Uso de tampões de dissociação celular sem enzimas
Este método é suave e preserva a integridade celular sem o uso de enzimas:
- Preparação
- Certifique-se de que todos os reagentes estejam aquecidos a 37 °C antes do uso para evitar choque nas células.
- Remoção do meio de crescimento:
- Descarte o meio de crescimento antigo do recipiente de cultura.
- Enxágue
- Enxágue as monocamadas celulares com 5 ml de PBS sem cálcio e magnésio por frasco T75 ou placa de 100 mm.
- Agite suavemente o recipiente por 30 a 60 segundos à temperatura ambiente.
- Aspirar e descartar a solução de enxágue.
- Repita essa etapa de enxágue mais uma vez.
- Dissociação
- Adicione aproximadamente 5 ml de tampão de dissociação celular sem enzimas ao recipiente.
- Agite suavemente à temperatura ambiente por 1 a 2 minutos e verifique a dissociação ao microscópio.
- Bata o frasco ou a placa contra a mão para soltar as células, se necessário.
- Se as células estiverem aderentes, deixe-as repousar à temperatura ambiente por mais 2 a 5 minutos e bata novamente, se necessário, usando mais tampão de dissociação.
- Assim que as células estiverem desprendidas, adicione pelo menos 5 ml de meio de crescimento completo para neutralizar o tampão de dissociação e ressuspender as células.
- Verificação da viabilidade
- Monitore a viabilidade celular durante a subcultura, garantindo que ela permaneça acima de 90%.
Uso de outros reagentes para dissociação
Este método permite o uso de vários reagentes de dissociação:
- Remoção do meio usado
- Descarte o meio antigo do recipiente de cultura.
- Lavagem das células
- Lave as células com uma solução salina balanceada, livre de cálcio e magnésio, ou use EDTA.

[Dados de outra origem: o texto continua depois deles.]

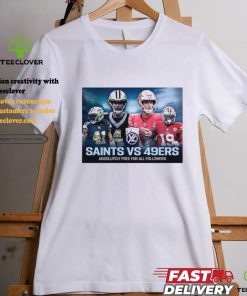 Best Saints Vs 49ers Absolutely Free For All Followers Free Pick T shirt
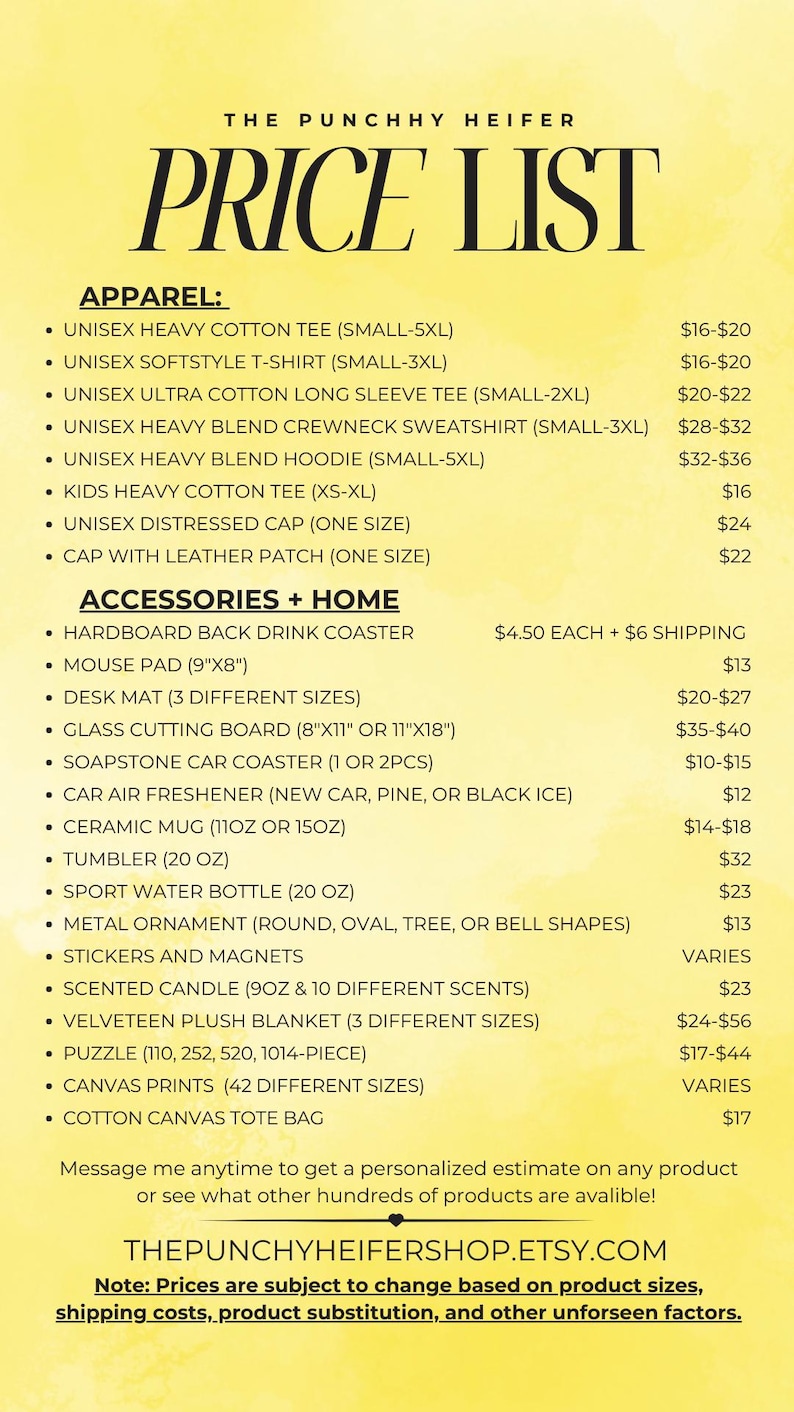 May include: A yellow price list for apparel and home goods from The Punchhy Heifer Etsy shop. The list includes items such as t-shirts, hoodies, mugs, candles, and tote bags. Prices are listed next to each item.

- Adicione a solução de lavagem delicadamente pelo lado oposto às células e agite o recipiente por 1 a 2 minutos antes de descartar a solução de lavagem.
- Dissociação
- Aplique 2 a 3 ml da solução de dissociação escolhida para cada 25 cm² de superfície de crescimento, garantindo a cobertura da camada celular.

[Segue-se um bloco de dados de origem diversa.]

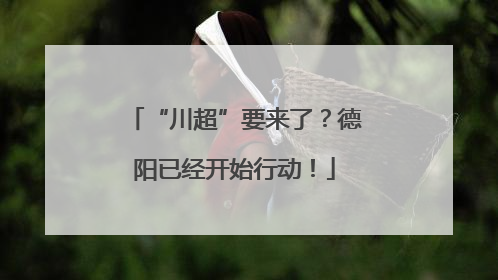 “川超”要来了？德阳已经开始行动！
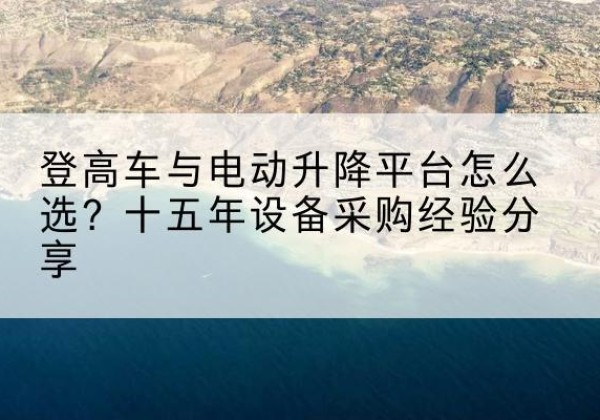 富锦登高车厂家厂家-登高车与电动升降平台怎么选？十五年设备采购经验分享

- Incube o recipiente a 37 °C e agite suavemente. A dissociação geralmente ocorre em 5 a 15 minutos, dependendo da linhagem celular.
- Para células resistentes, bater levemente no recipiente pode acelerar o processo.
- Observe as células cuidadosamente para evitar superexposição e possíveis danos.
- Colheita das células
- Assim que as células estiverem totalmente desprendidas, deixe-as se acumularem no fundo do recipiente, colocando-o na posição vertical.
- Adicione meio completo e, em seguida, disperse e recolha as células pipetando sobre a camada celular.
- Conte as células e prossiga com a subcultura.
Em ambos os métodos, é importante determinar as condições ideais para cada linhagem celular por meio de observação empírica. O processo deve preservar a viabilidade celular, que deve ser verificada rotineiramente para garantir que seja superior a 90% durante a subcultura. Esses procedimentos fornecem uma base para que os pesquisadores os adaptem de acordo com os requisitos e características específicas de suas linhagens celulares.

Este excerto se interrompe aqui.